Once the line with "Sticker - Two" is reached, output it and every line after it, exactly, through the end of the records below. Pictures are skipped.

───── Study material

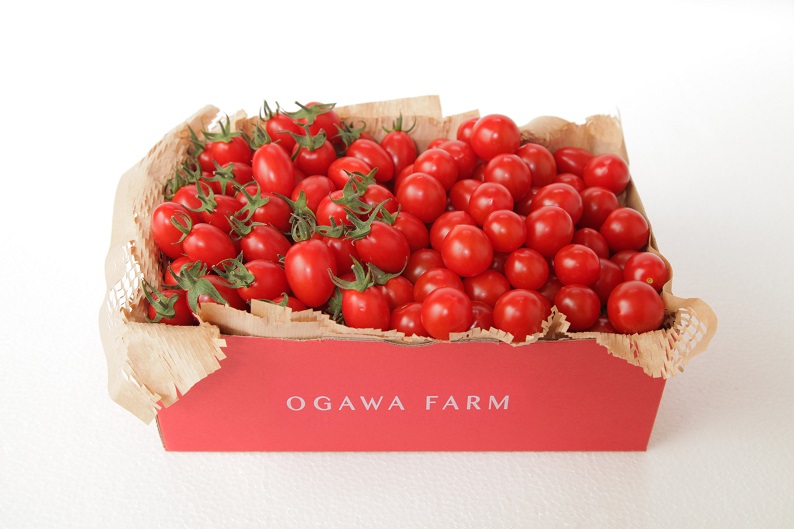 OGAWA FARM 香TOMATOギフトセット(1kg)
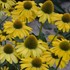 'Yellow My Darling' Coneflower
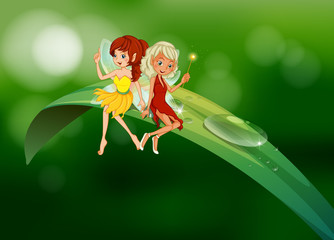 Sticker - Two fairies sitting on an elongated leaf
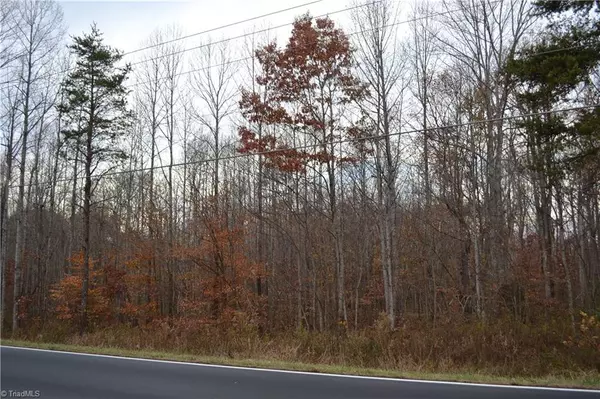 14 Acres NC Highway 704 E, Sandy Ridge, NC 27046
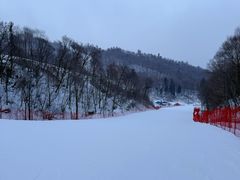-亚布力新体委滑雪场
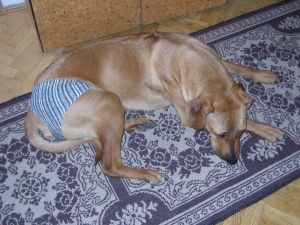 05.06.2005 Krzys da mi piekn bielizn i wygldam szykownie! -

──────────

:: Solution for this task ::
 Sticker - Two fairies sitting on an elongated leaf
 14 Acres NC Highway 704 E, Sandy Ridge, NC 27046
-亚布力新体委滑雪场
 05.06.2005 Krzys da mi piekn bielizn i wygldam szykownie! -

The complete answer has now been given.